Does the Republican field have the sense to change tactics when the very nature of the party and country are at stake?
Ted Cruz, who bears some responsibility for the rise of Trump, keeps aiming his Jimmy Swaggart-style pitch to the choir. Cruz encouraged them to destroy the “Washington cartel” and boy did they listen — except not to his benefit. Irony: The greatest crony and corporate Democrat in America is alive and Ted Cruz’s campaign is nearly dead.
Unlike Cruz, Marco Rubio didn’t spend months praising the semi-fascist joker in hopes that the “anti-establishment” vote would one day drop into his lap, but he didn’t attack him frontally either. He hopes that clearing the field of competitors will permit him to defeat Trump one-on-one.
Those hoping that Trump will say or do something to disqualify himself have surely seen by now that we are in a new world. His gaffes — I don’t need to list them, do I? — have not hurt him. The more he vomits venom, the more free press he gets. While Cruz keeps pounding Rubio as insufficiently harsh on immigration, Trump — a corrupt, on-and-off-again Democrat promising trade wars, universal health care and war crimes — is winning.

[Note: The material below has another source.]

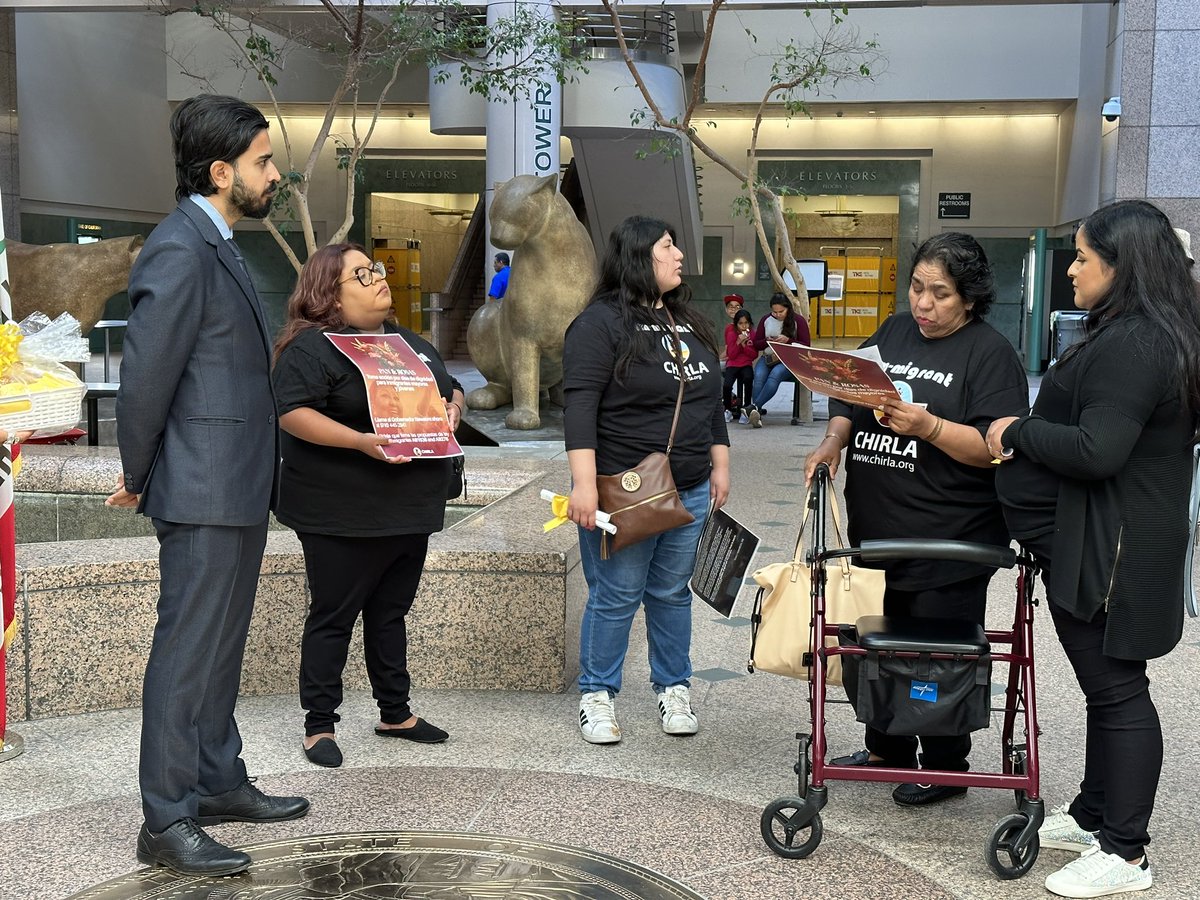 CHIRLA's tweet photo. ✊🏽Immigrants deserve the bread of our labor but also the roses for our contributions. 🌹
☎️Help us call Gov. Newsom at 916-445-2841 and urge him to sign pro-immigrant bills like #AB1536 and #AB278 ✍️ https://t.co/eYX169fCyQ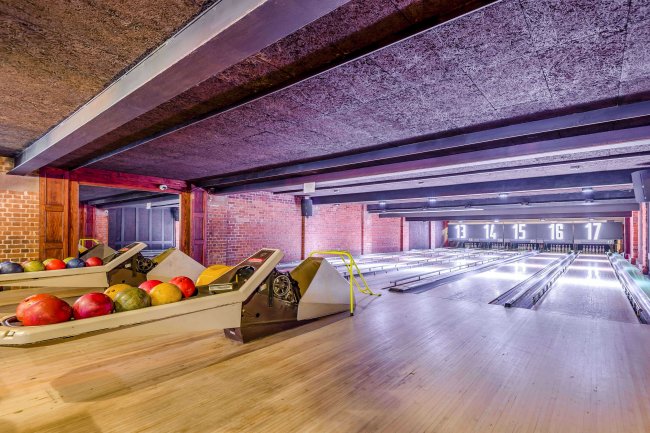 Hereford Bowl, Station Approach, Hereford HR1 1BB 6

If ever there were a moment for a Republican establishment — a powerful cabal of donors, officeholders and power brokers — to intervene, this would be it. Because if Trump is the Republican nominee, it spells the end of the party as a conservative vehicle. Deluded voters who imagine they are getting the anti-Obama by voting for Trump are in for the biggest disillusionment yet.
But, of course, the “Republican establishment” is not going to ride to the rescue, because it is itself mostly a shell. Money doesn’t buy elections (see “Bush, Jeb”).
I believe Rubio to be the most viable non-Trump candidate left. But above all, he and the others must abandon the strategy of fratricide. The winner cannot rely on anti-Trump votes alone; he must undermine support for Trump.
Trump is not strong; he’s frighteningly weak. He arguably suffers from narcissistic personality disorder; his wobbly self-esteem needs constant, mantra-like invocations of his own fabulousness and endless affirmation from others. He goes ballistic when suffering even the smallest slight. He’s an ignoramus. Ads should remind voters, for example, that he doesn’t know what the nuclear triad is. His whole foreign policy experience is being on a TV show with Vladimir Putin, who he praises. Putin said something nice about Trump, and Trump praised him in return. What’s a few murders between amigos?
Trump is a Clinton-class liar. Split screens ought to clarify that. He didn’t oppose the Iraq War; he was for it. He’s not self-funding his campaign; he’s collected millions in contributions. He evaded the draft and then offered that sleeping around and risking STDs was his “personal Vietnam.”
Unlike, say, Mitt Romney, who Democrats effectively caricatured as a cruel business tycoon, Trump really is one. He has a history of paying off elected officials to get special treatment, stiffing business associates and abusing those who work for him, such as the “Polish brigade” of illegal immigrants who helped build Trump tower. He ran four businesses into bankruptcy. He’s not a self-made man who “built a great company”; he inherited millions from his dad. He’s almost certainly vastly exaggerating his net worth. He donated more to the Clinton Foundation than to veterans’ charities. And how much of the money he collected for veterans at the Iowa stunt has been distributed?
That’s a start, gentlemen. There’s plenty more. The con man must be unmasked.